We are now ready to run the code. Note that this may take a while. For tree_depth 3 and the match_fixed_policy set to False, the code should run in under two minutes, assuming that we have added additional definitions, that we did not maintain the old valuations, and that we did not copy the fruit amounts. If you want to play with settings, we suggest to use a smaller version of the orchard model by setting the amount of fruit and the distance of the raven to smaller constants.

[14]:
# We run model checking once more, and optionally extract a scheduler.
mc_result = stormpy.model_checking(
    new_mdp, formula, extract_scheduler=match_fixed_policy
)
print(f"Overall optimal result: {mc_result.at(new_mdp.initial_states[0])}")
# Paynt considers synthesis via annotated MDPs called coloured MDPs.
# For synthesis of decision trees, we use paynt.dt.
colored_mdp_factory = paynt.dt.DtColoredMdpFactory(new_mdp)
# We now set the task as specified in the hyperparameters above.
task = paynt.dt.DtTask([formula], tree_depth)
if match_fixed_policy:
    task.set_scheduler_to_map(mc_result.scheduler)
# With the synthesis task specified, we run the synthesis routine.
result = paynt.dt.synthesize(colored_mdp_factory, task)
print("success:", result.success)
Overall optimal result: 0.6313566764945008
> progress 0.0%, elapsed 3 s, estimated 88122259 s (2 years), iters = {MDP: 16}, opt = 0.6039
> progress 0.0%, elapsed 6 s, estimated 6610716 s (76 days), iters = {MDP: 55}, opt = 0.62
> progress 0.0%, elapsed 9 s, estimated 5234702 s (60 days), iters = {MDP: 89}, opt = 0.62
> progress 0.0%, elapsed 12 s, estimated 3154236 s (36 days), iters = {MDP: 128}, opt = 0.62
> progress 0.0%, elapsed 15 s, estimated 3009790 s (34 days), iters = {MDP: 164}, opt = 0.62
> progress 0.0%, elapsed 18 s, estimated 3034164 s (35 days), iters = {MDP: 205}, opt = 0.62
> progress 0.001%, elapsed 21 s, estimated 1573456 s (18 days), iters = {MDP: 240}, opt = 0.62
> progress 0.002%, elapsed 24 s, estimated 1202768 s (13 days), iters = {MDP: 272}, opt = 0.62
> progress 0.002%, elapsed 27 s, estimated 1324602 s (15 days), iters = {MDP: 315}, opt = 0.62
> progress 0.004%, elapsed 30 s, estimated 720660 s (8 days), iters = {MDP: 346}, opt = 0.62
> progress 0.006%, elapsed 33 s, estimated 552593 s (6 days), iters = {MDP: 385}, opt = 0.62
> progress 0.006%, elapsed 36 s, estimated 573693 s (6 days), iters = {MDP: 424}, opt = 0.62
> progress 0.006%, elapsed 40 s, estimated 616898 s (7 days), iters = {MDP: 463}, opt = 0.62
> progress 0.006%, elapsed 43 s, estimated 643782 s (7 days), iters = {MDP: 499}, opt = 0.62
> progress 0.008%, elapsed 46 s, estimated 567775 s (6 days), iters = {MDP: 534}, opt = 0.6314
> progress 0.138%, elapsed 49 s, estimated 35618 s (9 hours), iters = {MDP: 573}, opt = 0.6314
> progress 1.041%, elapsed 52 s, estimated 5030 s, iters = {MDP: 606}, opt = 0.6314
> progress 62.5%, elapsed 55 s, estimated 89 s, iters = {MDP: 635}, opt = 0.6314
> progress 91.145%, elapsed 58 s, estimated 64 s, iters = {MDP: 664}, opt = 0.6314
--------------------
Synthesis summary:
optimality objective: Pmax=? [F "PlayersWon"]

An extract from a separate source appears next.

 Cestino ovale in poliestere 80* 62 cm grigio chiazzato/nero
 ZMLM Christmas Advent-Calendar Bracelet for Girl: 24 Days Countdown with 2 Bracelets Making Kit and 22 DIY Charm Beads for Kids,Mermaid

method: AR (decision tree), synthesis time: 59.14 s
number of holes: 43, family size: 1e12, quotient: 22469 states / 32394 actions
explored: 100 %
MDP stats: avg MDP size: 22469, iterations: 668

optimum: 0.631357
--------------------

success: True
[15]:
# If successful, we display the obtained result.
if result.success:
    tree = result.tree
    print("value:", result.value)
    print("decision tree:\n", result.tree.to_string())
value: 0.6313573066006369
decision tree:
 if most_pears<=0:
  if most_apples<=0:
    if most_plums<=0:
      chooseCHERRY
    else:
      choosePLUM
  else:
    if most_plums<=0:
      chooseAPPLE
    else:
      choosePLUM
else:
  if most_plums<=0:
    if most_plums<=0:
      choosePEAR
    else:
      __random__
  else:
    if most_cherries<=0:
      choosePLUM
    else:
      choosePLUM

The decision tree represents the optimal policy (which achieves the winning probability of \(0.6313\). The decision tree is presented as simple Python code. Condition most_plums<=0 represents that most_plums is False whereas the else case represents that most_plums is True. Following the first condition, we see that if neither most_plums, most_pears nor most_apples then we should choose 🍒. If however, neither most_plums nor most_pears but most_apples, then we should choose 🍏.